I really need a Vector, but personally, I have no allocations without the collect.

Henrique_Becker · April 20, 2021, 1:24pm

ah, I am using Julia 1.5.3, you probably are using 1.6?

Well, if you need a Vector then you will always need at least one allocation of all its elements.

mschauer · April 20, 2021, 1:33pm

One issue is that in Iterators.Flatten(((0 for i in 1:50), (1 for i in 1:50)))) the eltype-trait mechanism has given up and returns Any

julia> eltype(Iterators.Flatten(((0 for i in 1:50), (1 for i in 1:50))))
Any

that doesn’t matter for iteration, but for collect.

etienne_dg · April 20, 2021, 1:34pm

Yes I’m using 1.6. I have no problem with the allocations proposed in the previous examples, as they do not allocate more than needed. I still don’t understand where the allocations in this specific example comes from.

Edit :

Oh, I see, maybe there is a place for improvement here ?

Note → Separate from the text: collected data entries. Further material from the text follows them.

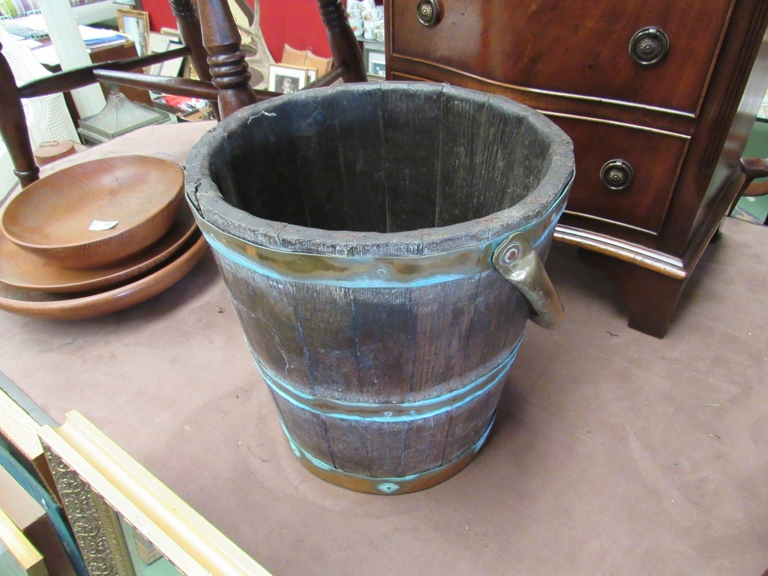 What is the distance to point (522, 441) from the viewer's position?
1.02m

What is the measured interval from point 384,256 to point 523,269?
173mm

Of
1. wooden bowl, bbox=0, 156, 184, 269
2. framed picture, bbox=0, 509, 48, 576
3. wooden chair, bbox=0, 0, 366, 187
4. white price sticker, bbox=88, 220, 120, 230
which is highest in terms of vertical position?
wooden chair, bbox=0, 0, 366, 187

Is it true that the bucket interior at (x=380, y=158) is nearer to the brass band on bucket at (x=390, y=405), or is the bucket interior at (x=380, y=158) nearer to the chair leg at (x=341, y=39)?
the brass band on bucket at (x=390, y=405)

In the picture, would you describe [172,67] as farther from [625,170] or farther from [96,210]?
[625,170]

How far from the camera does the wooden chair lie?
1.14 metres

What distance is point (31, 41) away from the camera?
296 cm

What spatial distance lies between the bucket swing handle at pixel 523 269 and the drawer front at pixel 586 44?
55 centimetres

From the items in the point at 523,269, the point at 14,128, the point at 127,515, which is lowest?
the point at 127,515

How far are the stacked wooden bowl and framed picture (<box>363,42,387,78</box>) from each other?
3.73 feet

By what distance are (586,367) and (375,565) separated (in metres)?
0.61

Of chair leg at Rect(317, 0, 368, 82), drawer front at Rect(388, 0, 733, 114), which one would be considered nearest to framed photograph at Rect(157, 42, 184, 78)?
chair leg at Rect(317, 0, 368, 82)

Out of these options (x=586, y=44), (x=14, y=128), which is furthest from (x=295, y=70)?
(x=586, y=44)

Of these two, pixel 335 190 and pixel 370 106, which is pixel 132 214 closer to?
pixel 335 190

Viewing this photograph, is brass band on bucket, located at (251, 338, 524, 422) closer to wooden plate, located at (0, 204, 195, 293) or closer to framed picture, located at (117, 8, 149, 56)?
wooden plate, located at (0, 204, 195, 293) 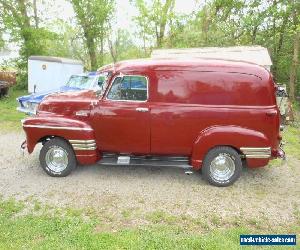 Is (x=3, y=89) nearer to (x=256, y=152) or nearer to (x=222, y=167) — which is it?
(x=222, y=167)

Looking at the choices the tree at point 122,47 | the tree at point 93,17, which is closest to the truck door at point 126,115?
the tree at point 93,17

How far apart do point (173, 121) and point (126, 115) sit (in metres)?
0.91

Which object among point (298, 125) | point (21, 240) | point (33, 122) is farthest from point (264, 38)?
point (21, 240)

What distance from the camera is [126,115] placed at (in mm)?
6633

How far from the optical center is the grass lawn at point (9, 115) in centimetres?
1200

mschauer · April 20, 2021, 1:39pm

Not so much, generators save anonymous functions for the inner expression (here a function giving 0) and one runs into the issue of return type inference of functions in Julia

julia> G = (0 for i in 1:50)
Base.Generator{UnitRange{Int64}, var"#13#14"}(var"#13#14"(), 1:50)

julia> G.f
#13 (generic function with 1 method)

julia> G.f(1)
0

rafael.guerra · April 20, 2021, 1:58pm

This one is cool:

@btime round.(LinRange(0,1,100))
  69.485 ns (1 allocation: 896 bytes)

and better:

@btime (sign.(-49:50) .+ 1).÷2
  57.986 ns (1 allocation: 896 bytes)

etienne_dg · April 20, 2021, 2:36pm

I don’t see where the problem is, julia seems to be able to infer the return type ?

julia> Base.return_types(G.f, (eltype(G.iter),))
1-element Vector{Any}:
 Int64

simeonschaub · April 20, 2021, 2:54pm

As a workaround, you could use e.g.

Iterators.flatten(map(x -> (x for i in 1:50), (0, 1)))

etienne_dg · April 20, 2021, 3:01pm

For me, it falls in the same issue, the type inferred is Any.